In cities around the world, the offices and storefronts of the downtown core fill up with people during the workday to keep the wheels of commerce turning.
Today’s animation, created by Justin Fung, is a dramatic, eye-opening look at the “pulse” of America’s largest city.
Also, check out the fancy interactive version of this visualization.
This dramatic shift in population on a daily basis is made possible by Manhattan’s unparalleled carrying capacity, or its ability to facilitate an inflow of millions of people who come for all sorts of reasons. Many of the metropolises with the most dramatic daytime population spikes, such as Washington, D.C. and New York, also have much higher rates of transit ridership than the average city.
Not surprisingly, three surrounding boroughs have the largest daytime population decreases in the entire country.

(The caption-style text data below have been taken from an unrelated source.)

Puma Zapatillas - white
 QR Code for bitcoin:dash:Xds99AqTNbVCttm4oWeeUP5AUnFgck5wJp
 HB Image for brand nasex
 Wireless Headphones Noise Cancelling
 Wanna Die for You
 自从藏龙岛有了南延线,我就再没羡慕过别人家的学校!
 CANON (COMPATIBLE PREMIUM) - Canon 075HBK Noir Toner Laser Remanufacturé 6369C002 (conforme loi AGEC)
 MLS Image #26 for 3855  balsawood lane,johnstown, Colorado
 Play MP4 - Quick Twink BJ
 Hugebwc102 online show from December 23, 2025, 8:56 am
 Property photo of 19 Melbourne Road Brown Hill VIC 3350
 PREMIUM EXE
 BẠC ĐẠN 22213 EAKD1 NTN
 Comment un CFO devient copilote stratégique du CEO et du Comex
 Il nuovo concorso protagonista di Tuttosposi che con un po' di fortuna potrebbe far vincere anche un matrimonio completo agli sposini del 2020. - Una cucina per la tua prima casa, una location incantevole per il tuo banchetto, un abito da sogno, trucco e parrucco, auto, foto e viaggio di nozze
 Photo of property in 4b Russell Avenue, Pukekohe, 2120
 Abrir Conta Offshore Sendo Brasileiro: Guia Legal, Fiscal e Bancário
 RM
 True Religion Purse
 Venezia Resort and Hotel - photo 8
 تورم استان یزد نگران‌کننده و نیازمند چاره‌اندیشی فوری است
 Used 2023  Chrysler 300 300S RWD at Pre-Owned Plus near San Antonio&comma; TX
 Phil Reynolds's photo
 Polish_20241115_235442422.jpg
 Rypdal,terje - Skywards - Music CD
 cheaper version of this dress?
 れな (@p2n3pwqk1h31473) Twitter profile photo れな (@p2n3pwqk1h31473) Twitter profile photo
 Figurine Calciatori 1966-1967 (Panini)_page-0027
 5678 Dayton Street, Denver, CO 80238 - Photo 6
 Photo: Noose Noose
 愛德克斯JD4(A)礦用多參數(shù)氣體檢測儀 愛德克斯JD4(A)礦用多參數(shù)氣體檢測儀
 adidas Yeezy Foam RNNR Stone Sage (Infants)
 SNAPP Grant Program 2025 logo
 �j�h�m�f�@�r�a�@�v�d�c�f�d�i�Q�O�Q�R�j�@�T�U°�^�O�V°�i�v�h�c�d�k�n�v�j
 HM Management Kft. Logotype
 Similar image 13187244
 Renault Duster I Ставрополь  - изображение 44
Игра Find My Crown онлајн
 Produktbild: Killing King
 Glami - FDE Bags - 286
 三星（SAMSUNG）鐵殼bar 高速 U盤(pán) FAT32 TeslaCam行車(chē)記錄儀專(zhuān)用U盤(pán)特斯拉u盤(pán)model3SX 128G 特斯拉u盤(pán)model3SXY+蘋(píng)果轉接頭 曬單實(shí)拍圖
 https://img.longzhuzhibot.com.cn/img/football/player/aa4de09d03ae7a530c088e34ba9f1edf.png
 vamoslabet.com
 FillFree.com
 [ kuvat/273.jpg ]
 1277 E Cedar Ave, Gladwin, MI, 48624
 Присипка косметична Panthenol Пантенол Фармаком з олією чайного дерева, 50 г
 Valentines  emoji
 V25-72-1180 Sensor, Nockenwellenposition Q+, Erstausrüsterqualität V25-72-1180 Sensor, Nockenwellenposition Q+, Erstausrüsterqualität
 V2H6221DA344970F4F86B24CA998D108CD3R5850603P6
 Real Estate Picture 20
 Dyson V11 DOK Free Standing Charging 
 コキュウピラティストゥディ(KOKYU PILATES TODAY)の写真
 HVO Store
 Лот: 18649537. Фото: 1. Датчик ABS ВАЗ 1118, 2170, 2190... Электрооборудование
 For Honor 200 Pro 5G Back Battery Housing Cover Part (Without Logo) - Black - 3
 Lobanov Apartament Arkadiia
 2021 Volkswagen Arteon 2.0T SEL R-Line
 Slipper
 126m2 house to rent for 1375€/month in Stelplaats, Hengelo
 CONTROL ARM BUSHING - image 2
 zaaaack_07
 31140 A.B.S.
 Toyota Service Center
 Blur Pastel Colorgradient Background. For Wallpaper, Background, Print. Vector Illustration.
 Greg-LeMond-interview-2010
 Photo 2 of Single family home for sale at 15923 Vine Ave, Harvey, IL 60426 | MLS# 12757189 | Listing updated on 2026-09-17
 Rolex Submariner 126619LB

While many parts of Manhattan remain lively in the evening, many downtown cores around the country simply empty out.
This stark contrast is particularly noticeable in low-rise communities with large employment hubs such as Redmond, Washington or Palo Alto, California, both of which are home to sprawling tech campuses.
In the case of the nation’s capital, the city is a powerful magnet for talent. As well, Washington’s unique position between state lines means that people have the option of residing in Virginia or Maryland and easily commuting in.
Thanks to a renewed interest in urban living, many cities are starting to see an uptick in the number of residents who choose to skip the long commute and just live where the action is.
This trend is particularly pronounced in Canadian cities such as Vancouver and Toronto. The latter city’s downtown population is expected to double over the next 25 years, while Vancouver’s sustained real estate boom has added tens of thousands of residents to the downtown area.
In the U.S., Seattle has demonstrated significant urban residential growth. Since 2010, the population of downtown and surrounding neighborhoods has grown by an impressive 18%, and 1-in-5 people moving to the city choose to live in the downtown area.
The 2020 U.S. Census will provide a much better clearer picture of how this trend is playing out.